• **RECORDS TO PROCESS**:
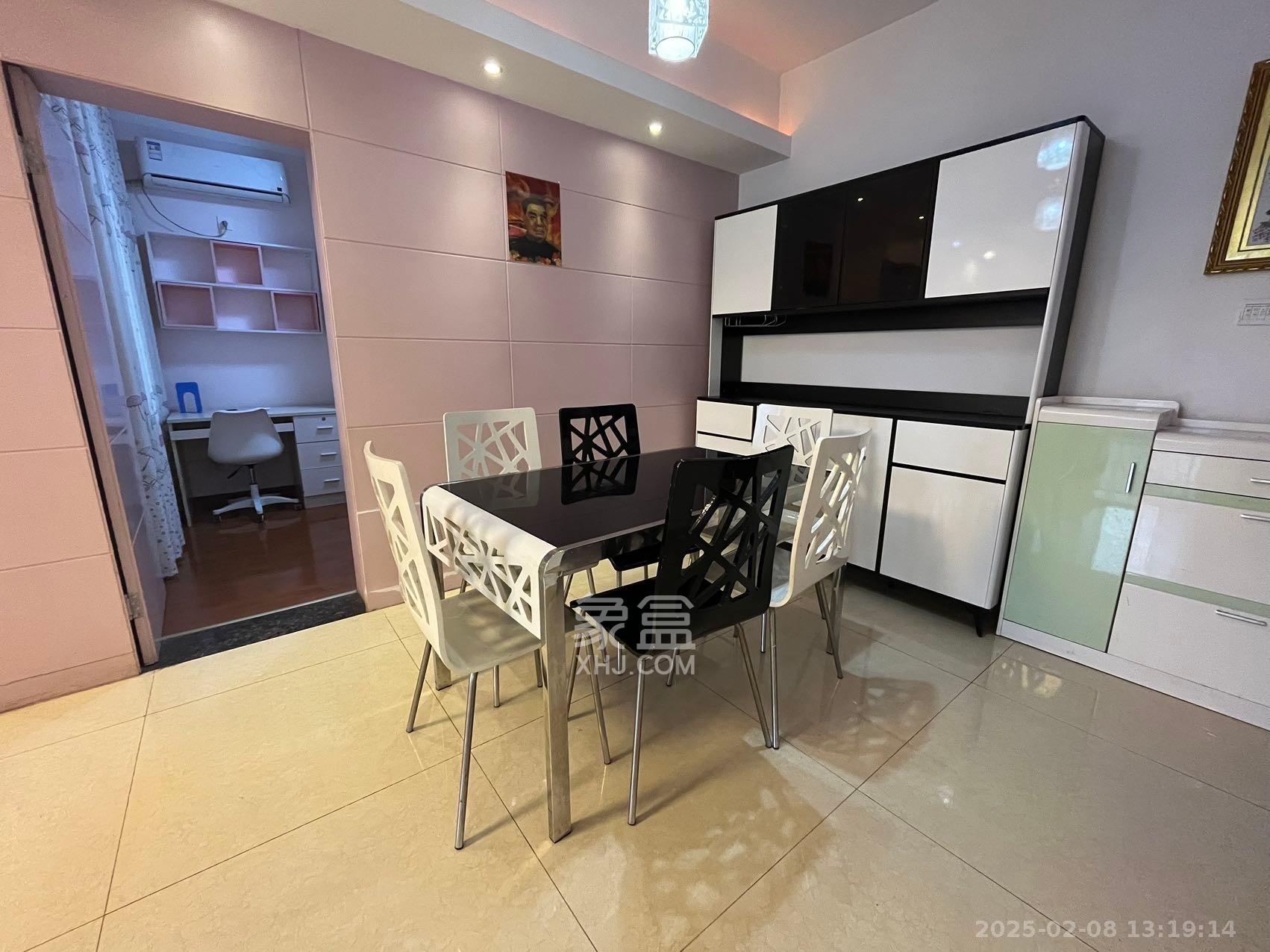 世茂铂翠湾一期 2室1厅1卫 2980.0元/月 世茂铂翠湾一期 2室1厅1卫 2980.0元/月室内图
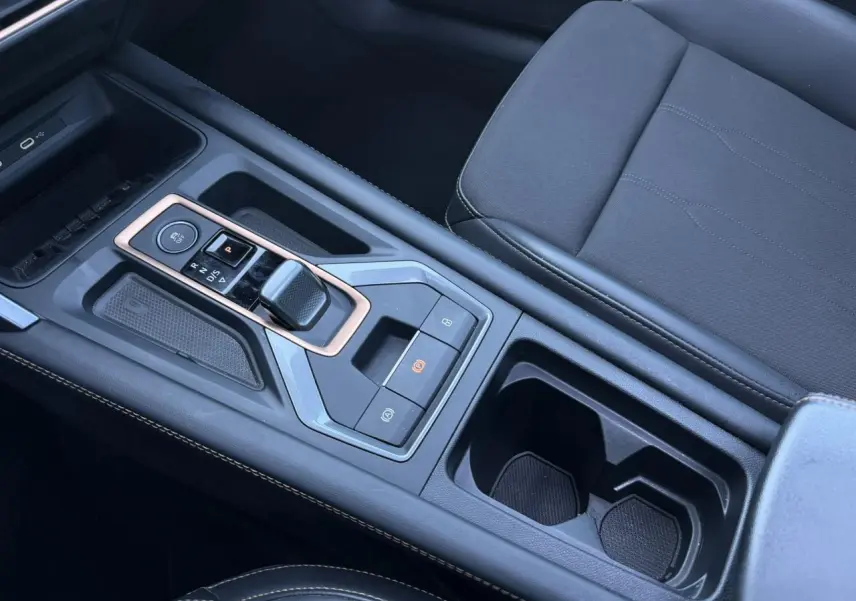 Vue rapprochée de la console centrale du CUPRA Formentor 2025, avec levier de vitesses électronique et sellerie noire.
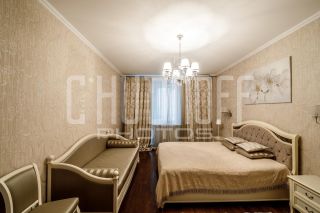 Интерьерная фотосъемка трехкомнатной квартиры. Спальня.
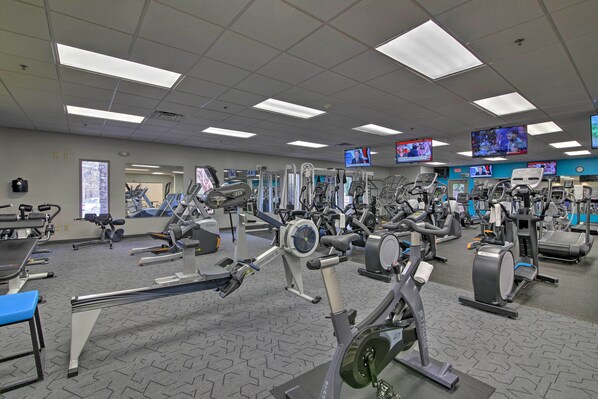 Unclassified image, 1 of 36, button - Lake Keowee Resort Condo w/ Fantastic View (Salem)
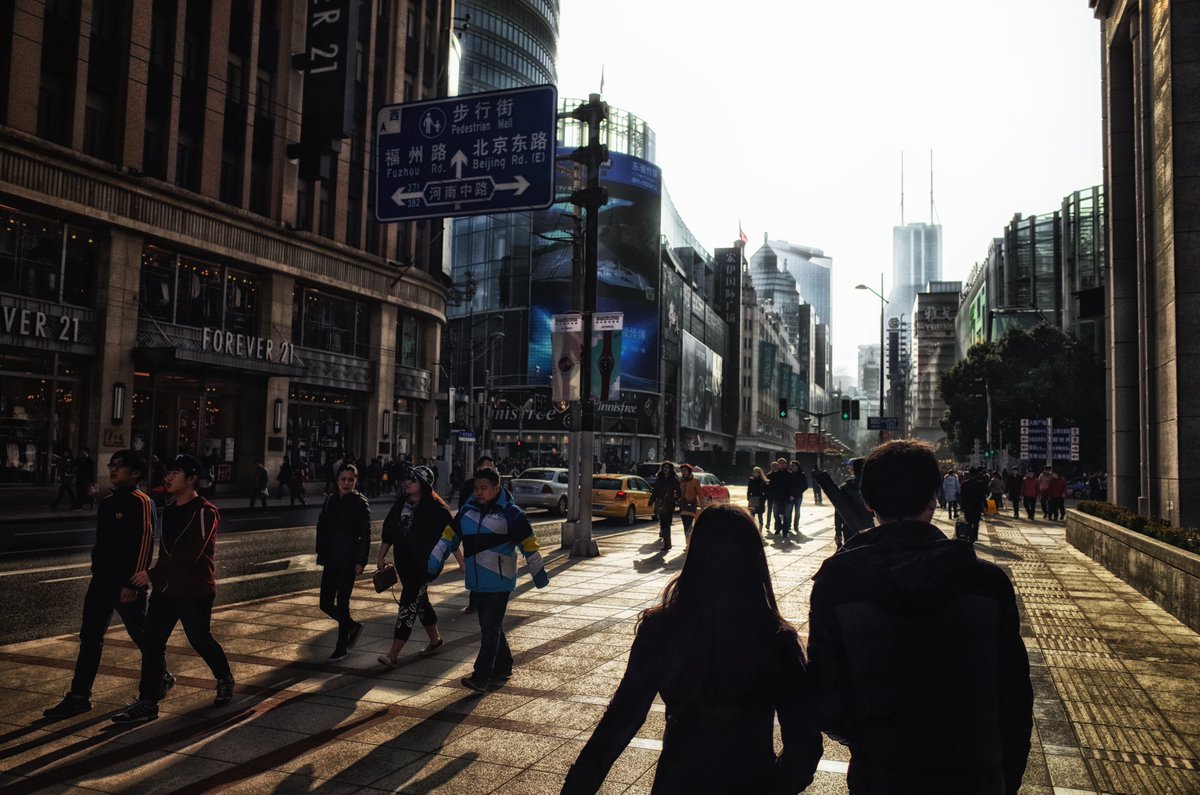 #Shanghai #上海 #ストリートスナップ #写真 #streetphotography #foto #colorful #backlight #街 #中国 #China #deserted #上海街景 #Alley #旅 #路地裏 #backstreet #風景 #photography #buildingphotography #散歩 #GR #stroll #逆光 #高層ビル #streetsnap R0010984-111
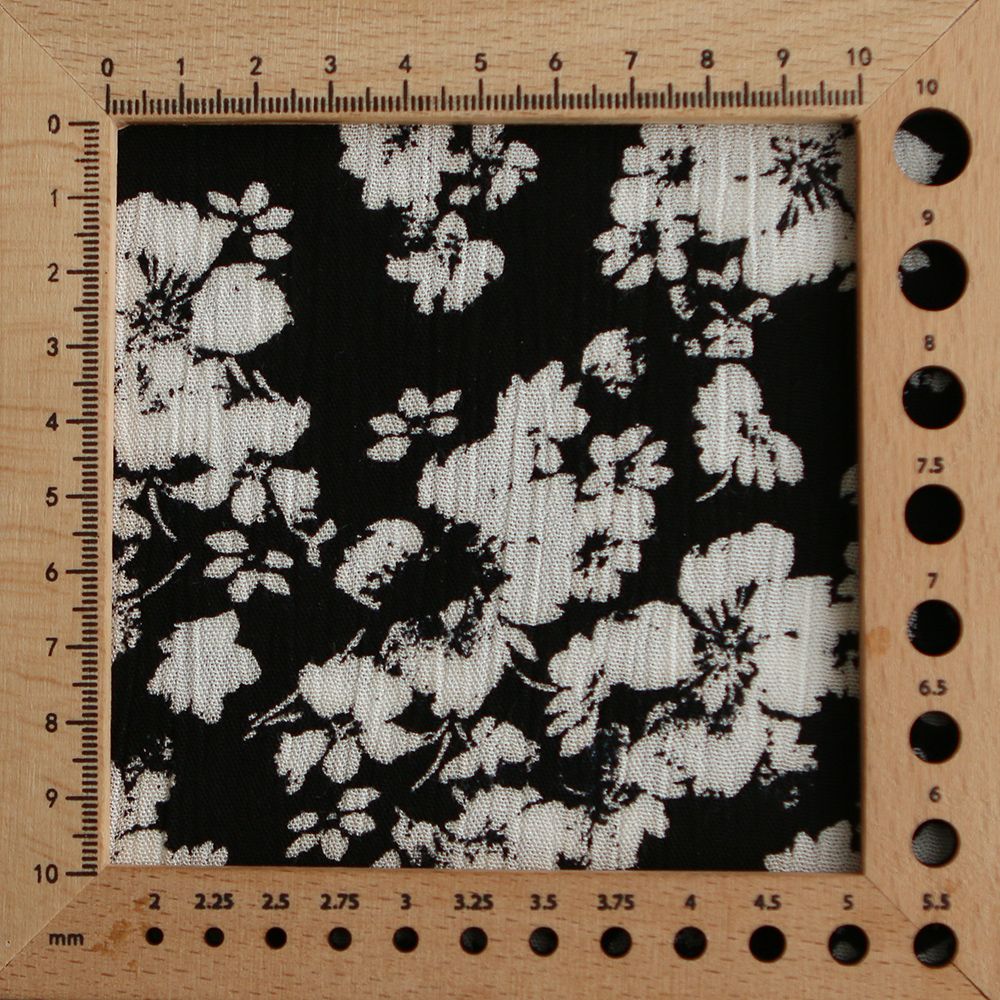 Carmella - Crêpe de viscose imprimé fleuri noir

• **EXERCISE BRIEF**: Return every entry exactly, dropping the pictures.

• **RESPONSE FOR THIS EXERCISE**:
 世茂铂翠湾一期 2室1厅1卫 2980.0元/月 世茂铂翠湾一期 2室1厅1卫 2980.0元/月室内图
 Vue rapprochée de la console centrale du CUPRA Formentor 2025, avec levier de vitesses électronique et sellerie noire.
 Интерьерная фотосъемка трехкомнатной квартиры. Спальня.
 Unclassified image, 1 of 36, button - Lake Keowee Resort Condo w/ Fantastic View (Salem)
 #Shanghai #上海 #ストリートスナップ #写真 #streetphotography #foto #colorful #backlight #街 #中国 #China #deserted #上海街景 #Alley #旅 #路地裏 #backstreet #風景 #photography #buildingphotography #散歩 #GR #stroll #逆光 #高層ビル #streetsnap R0010984-111
 Carmella - Crêpe de viscose imprimé fleuri noir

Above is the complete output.